The National Highway Traffic Safety Administration fined Volvo for allowing 32,000 potentially-defective vehicles to remain on highways longer than necessary. The car maker allegedly violated federal regulations that demand timely product recalls on vehicles in Illinois and around the country.
Products liability law protects consumers from the negligence of manufacturers who make unsafe products or hide news about dangerous products. Volvo apparently was late in notifying the NHTSA and consumers that some of its cars had unsafe air bags, stall-prone engines and incorrect tire-pressure labeling.
The car maker paid a $1.5 million fine to settlement the government's claim.
A vehicle manufacturer is obligated to let the government know within five days when one of its products is defective. The NHTSA accused Volvo, which heavily promotes the safety of its vehicles, of delaying seven recalls in 2010 and 2012. A car maker that willfully hesitates to inform the government and the public of product problems endangers innocent drivers and passengers.

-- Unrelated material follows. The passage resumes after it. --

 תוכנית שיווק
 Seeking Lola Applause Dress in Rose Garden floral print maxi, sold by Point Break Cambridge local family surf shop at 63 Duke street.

Volvo agreed to the settlement without taking blame for the late notifications. The car maker escaped paying a heftier fine of more than $17 million, the upper limit of NHTSA fines doled out for delayed recalls. A new transportation proposal that is current before lawmakers might double that limit.
Volvo's settlement was also lower than civil penalties collected from some of its competitors. BMW was fined $3 million earlier this year for illegally postponing 2010 recalls for almost 340,000 cars. Toyota paid the government more than $16 million in 2010 when it did not quickly recall over 2 million vehicles for accelerator problems.
The fines are meant to discourage all car manufacturers from waiting to let the public know about vehicle safety problems. By settling out of court, Volvo did not admit that it broke the law. Volvo company officials promised that the car maker worked to improve its quality and safety controls.